Corriere del Mezzogiorno (Puglia)
Il retelling «ucronico» dell’Eneide, fuori dal mito
Nel coraggioso romanzo d’esordio di Leonardo Floriani, edito da Besa Muci
Il merito che non si può non attribuire a Di quella materia che non dura è il coraggio. Il coraggio di aver prelevato Troia dal crepuscolo dell’età del bronzo e di averla ricollocata in un tempo indefinito, in cui per campare c’è bisogno dell’energia elettrica e per spostarsi delle automobili (proprio come nel nostro). Il coraggio di non aver ceduto alla tentazione di scimmiottare il linguaggio dell’epica (sarebbe stata un’impresa nell’impresa), ma di essersi affidato a una scrittura assai personale, non sciatta e anzi consapevole al punto di sostenere autorevolmente un’impalcatura ambiziosa e a tratti divertente.
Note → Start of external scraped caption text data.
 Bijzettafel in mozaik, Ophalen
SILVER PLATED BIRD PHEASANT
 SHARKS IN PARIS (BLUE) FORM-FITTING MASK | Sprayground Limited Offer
Infine il coraggio di lasciare intatta l’aura di leggenda intorno all’Eneide, senza però rinunciare a interpretazioni personali.
Il romanzo di esordio di Leonardo Floriani (uscito per Besa Muci Editore) viene presentato come «un retelling dell’Eneide, che dà voce ai personaggi leggendari, eterni che tutti noi conosciamo», invece a nostro avviso è soprattutto un modo per provare l’ebbrezza di cimentarsi con una delle più grandi storie letterarie di tutti i tempi,
provando a ipotizzare – con le dovute cautele e una buona dose di eleganza – che se le cose fossero andate diversamente forse l’intera umanità avrebbe attribuito a quell’assedio (di Troia) un significato meno strategico, addirittura meno tragico.
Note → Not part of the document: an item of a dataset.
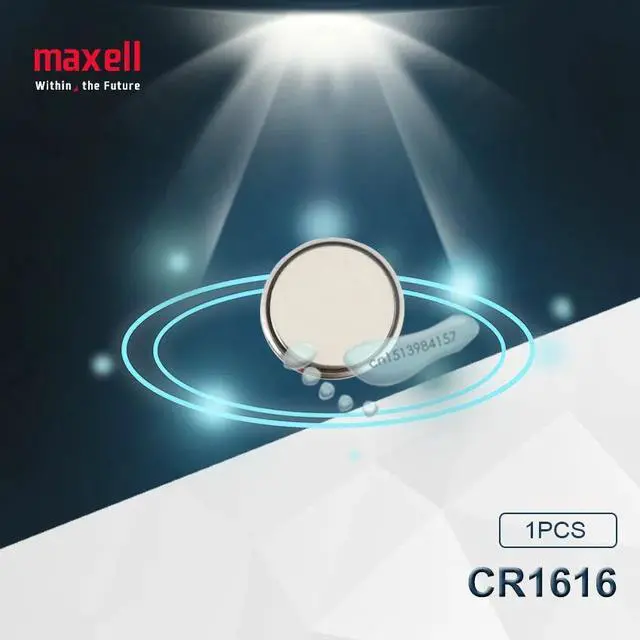 Alt view image 3 of 5 - 2pc Maxell CR1616 DL1616 ECR1616 LM1616 1616 3V Lithium Batteries Cell Button Coin Battery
Con la postfazione dello scrittore salentino Livio Romano – che si sofferma con grazia e altrettanto coraggio sulle prospettive della scrittura dell’ucronica, ovvero la traslazione del tempo in tempi che in realtà non esistono –, il romanzo di Floriani «con commovente lirismo fornisce una lettura audace e originale di uno degli episodi più iconici della mitologia». Un Enea contrariato e in disparte con la famiglia, assiste ai festeggiamenti per la fine dell’assedio: un atteggiamento malinconico che potrebbe favorire chissà quante interpretazioni di uno dei più grandi impianti lirici conosciuti dall’umanità (l’Eneide di Publio Virgilio Marone, scritta tra 29 e 19 a.C.), e in parte così è perché l’autore fa di tutto per mettere a nudo l’umanità dei personaggi che la leggenda ha tramandato come sacri (per esempio, la decisione di Enea di immergersi nella battaglia per proteggere famiglia e città).
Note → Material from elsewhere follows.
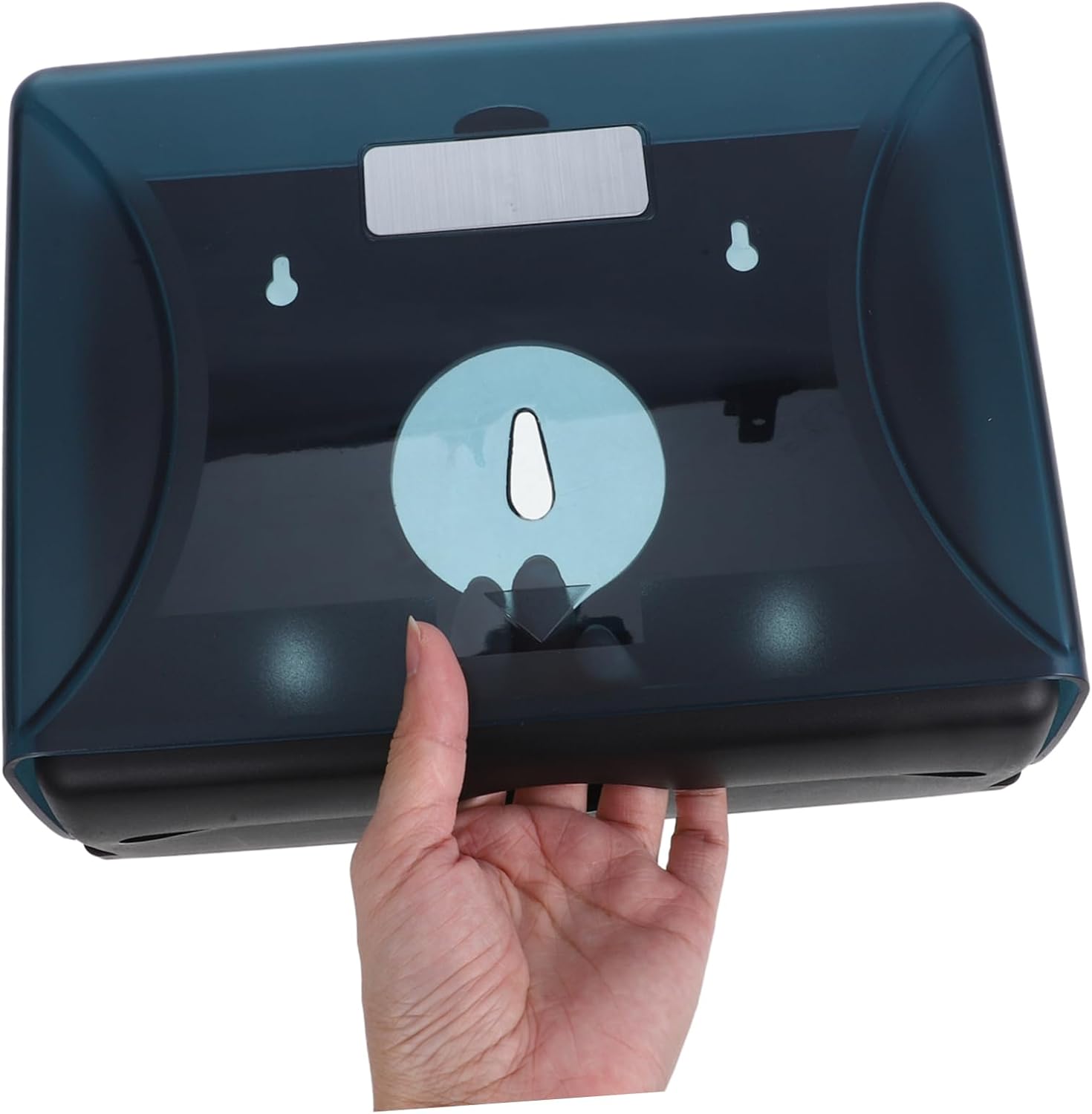 PartyKindom Wall-Mounted Paper Towel Dispenser Dark Blue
Tuttavia, proprio perché rimane quella del coraggio la principale peculiarità di questo esordio, va fatto notare che la scelta dell’ucronia in un romanzo dalla scrittura così identitaria ottiene il paradossale effetto di nascondere l’autore, il suo eventuale talento, la potenza della storia in sé. Mentre da un lato la trasposizione temporale dell’Eneide evidenzia un ardimento letterario ammirevole, dall’altro priva il romanzo di qualsiasi strumento materiale (cronistico, temporale, quindi denso-strutturale) per poterne giudicare stile e composizione. Tutti i plotoni di linguisti che l’hanno sezionato, affermano che William Shakespeare sia «ucronia pura» poiché è riuscito a traslocare tragedie e commedie avanti e indietro nel tempo senza mai giustificarne l’arbitrarietà. Senza andare così lontano, in Di quella materia che non dura la sensazione è che il carattere quasi sperimentale dell’opera penalizzi le potenzialità dell’autore, che pure ci sono e non sono poche.